メタンハイドレードは、取り出しの技術開発などで、安価なガス金額との競争力上、開発や研究に、予算が付き難い現実がある。
又、二酸化炭素排出量も非常に多い。
とはいえ、国産のエネルギー資源となれば、セキュリティーとエネルギー双方の問題でメリットがある為、これも、抜本的な政府支援が必要となる。
今までも、日本の発電は、ガス火力発電が、ベース電力供給として最大である。
ガスの資源量は、実はかなり増大している。
天然ガスの従来型のガス(コンベンショナル・ガス)の、可採年数は60年。
しかし、ガスは、新規発見も多い。
これを試算すれば、80~120年まで、可採年数は増大するという論もある。
これに、今話題であるノン・コンベンショナル・ガス(タイト・ガス、コールベット・メタン=CBM、シェール・ガス)の可採年数60年(回収率20%と低くしても)だから、
実際には、石油40年、ウラン60年と比べ、枯渇が迫る化石燃料とは言えない状況なのだ。
◆原発の廃炉は、即時実効は難しいからこそ◆
原子力発電は、即時廃止をするには難しい状況にある。
しかし、だからといって、原発推進を言うロジックも最早、聞き飽きた感がある。
地元経済の影響を心配する声もあるが、福島の甚大な事故の結果論として、
ハザードマップの作成と、半径20KMの土地・財産喪失リスクを、地元にちゃんと事実として明示する必要がある。

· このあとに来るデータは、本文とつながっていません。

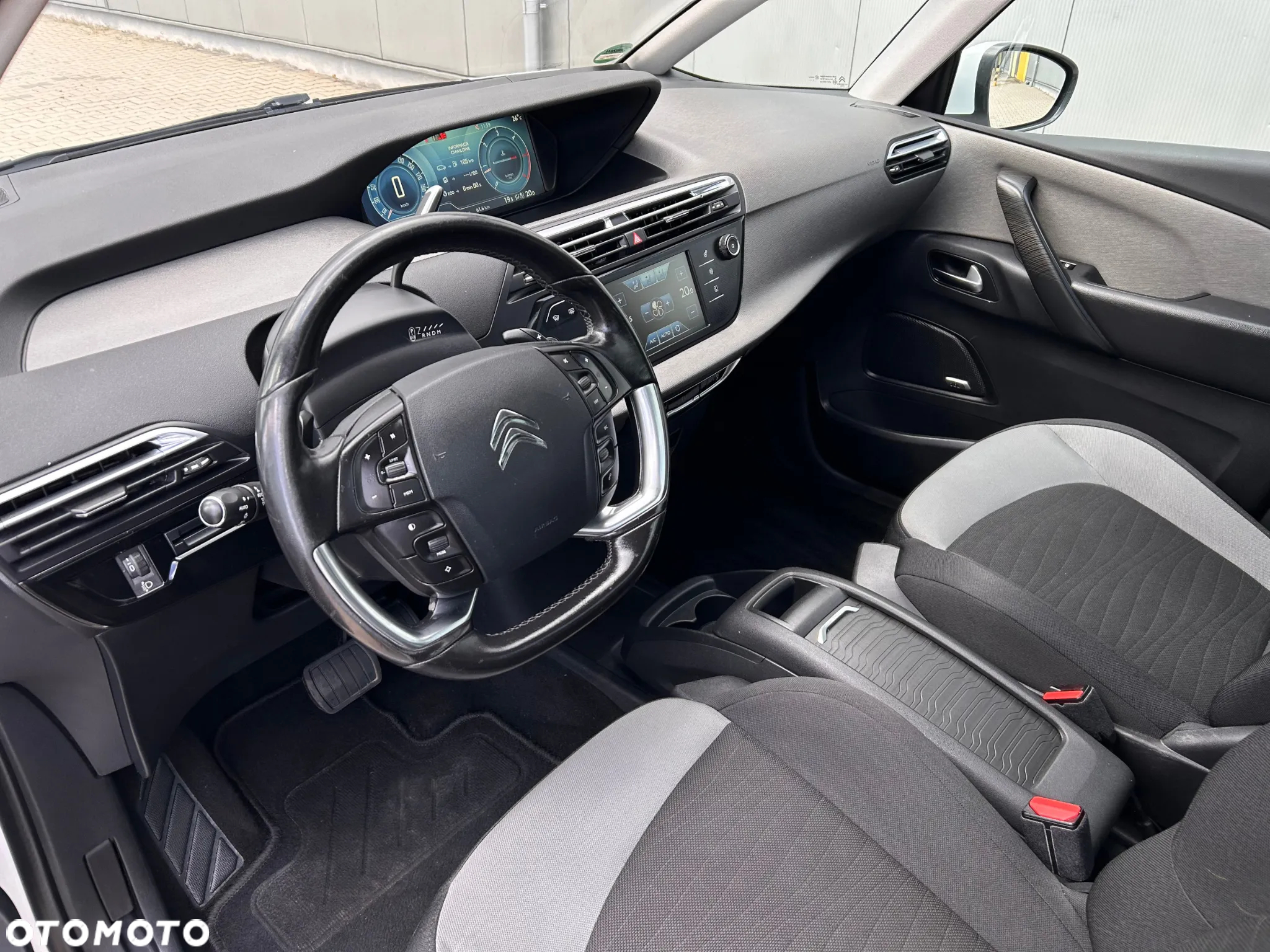 Citroën C4 Grand Picasso 2.0 BlueHDi Intensive - 9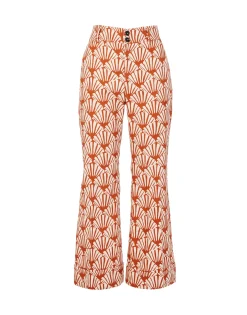 Hendrix PantsVentaglio in Shot Cotton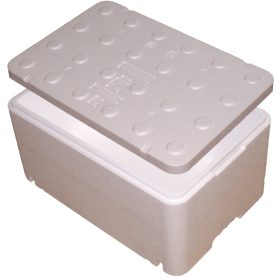 Arpack GN posoda 275 mm stiropor 48 l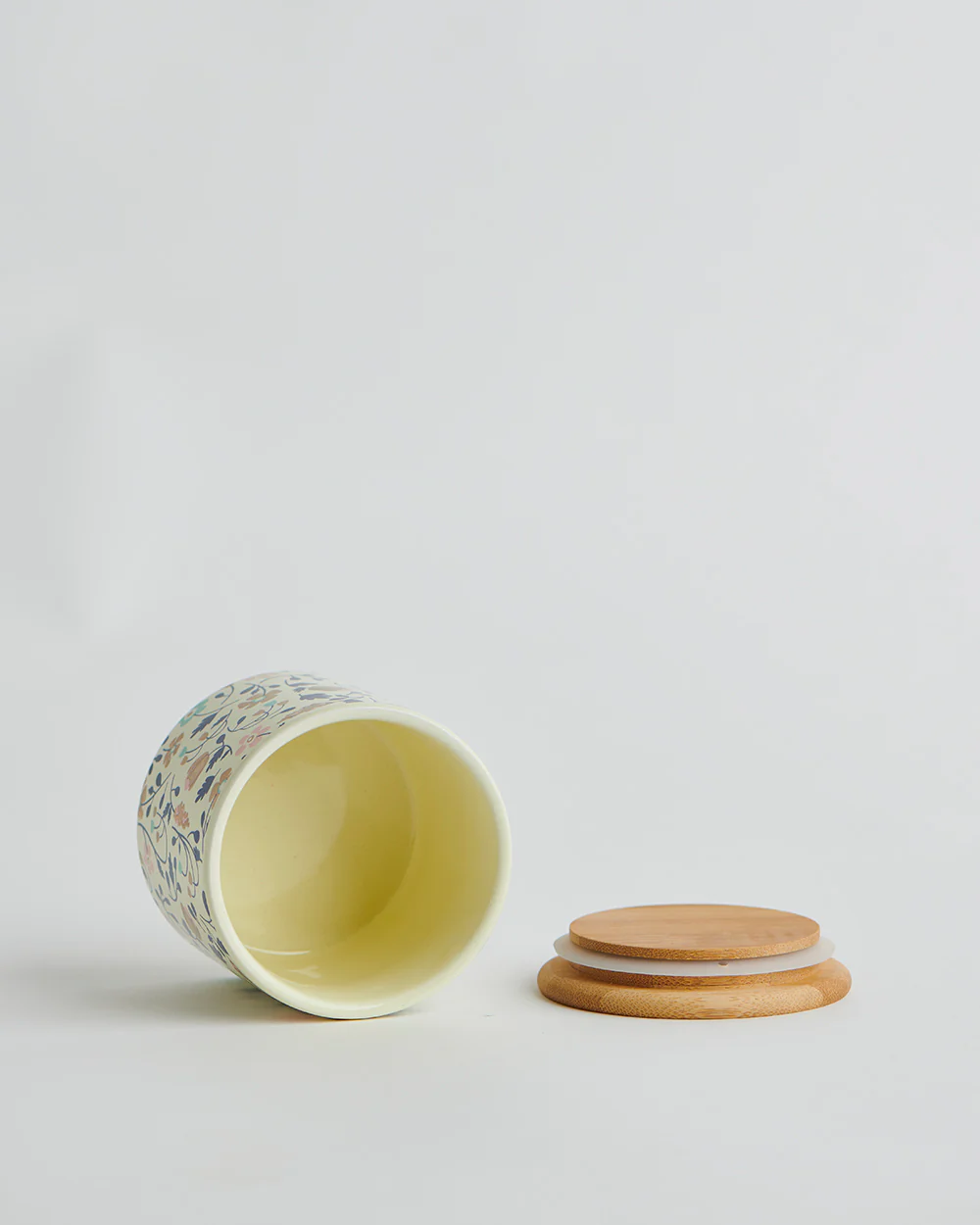 Napa Valley Storage Jar - Image 3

それに、原子力賠償法も具体的に、上限の策定を法律改定して行えば良い。
そうすれば、将来的に、廃炉になるのを批判する人はだいぶ減る、と思う。
今までのスキームは、事故が起こらない前提であったが、これからは、『事故が起こった場合』のスキームを組む。
無制限の現状回復も、不可能である現実を明示する。
原発はもはや、日本では、終焉のエネルギーだと理解せねばならない。
暫時廃止は、国家が責任を持って行い、その間に国策として、次世代エネルギーを整えるのが、日本の道だと考える。
↑この最後の章は、一年前だからこその意見だと思います。
今、現実に、稼働している原発はゼロであること。
今起こっている事故の惨状を見れば、今後、原子力賠償法の上限は無制限にされなければならず、そんなものを引き受けたい損保会社も国も無いということを考えても、
日本の国土に建つ原発や核施設は、すみやかに燃料を冷却し、廃棄していくしか道はありません。